Input records:
○ ○ ○
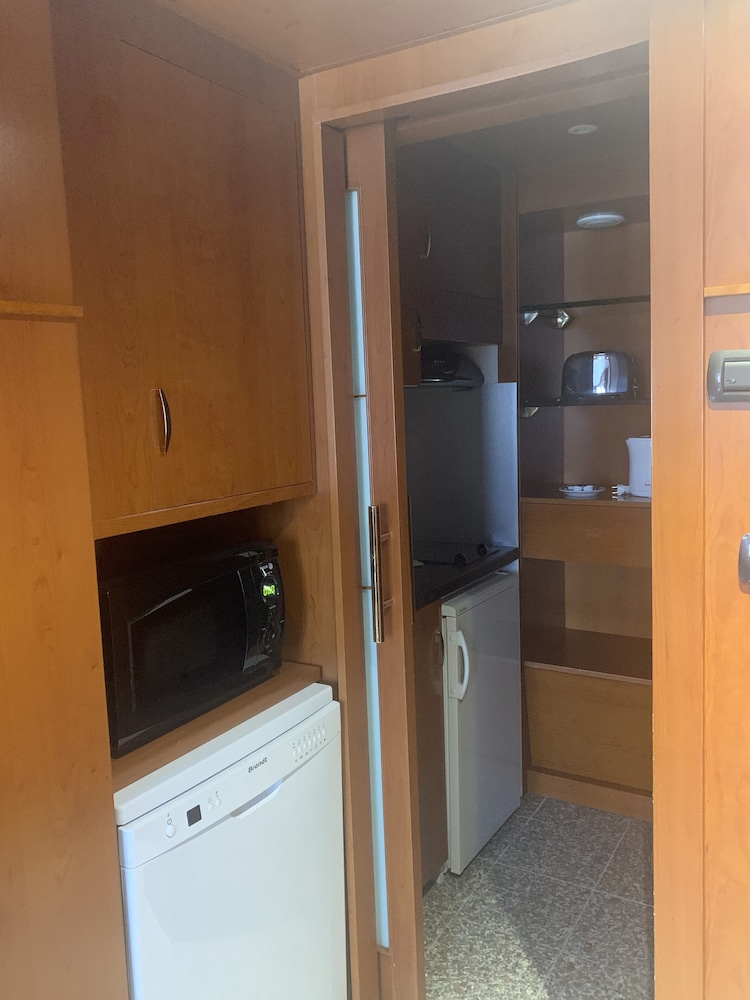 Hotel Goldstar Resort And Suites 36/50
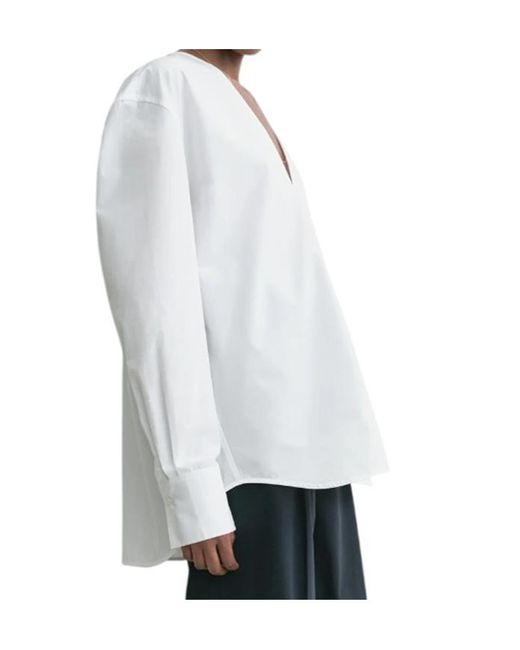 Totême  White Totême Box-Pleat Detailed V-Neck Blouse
○ ○ ○
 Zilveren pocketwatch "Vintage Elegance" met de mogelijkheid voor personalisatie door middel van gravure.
○ ○ ○
Work to complete:
The copy should hold only the lines from the one with "Hotel Goldstar Resort And Suites 36/50" through the one with "Detailed V-Neck Blouse", exactly as they stand above. Leave out the pictures.

Answer box:
 Hotel Goldstar Resort And Suites 36/50
 Totême  White Totême Box-Pleat Detailed V-Neck Blouse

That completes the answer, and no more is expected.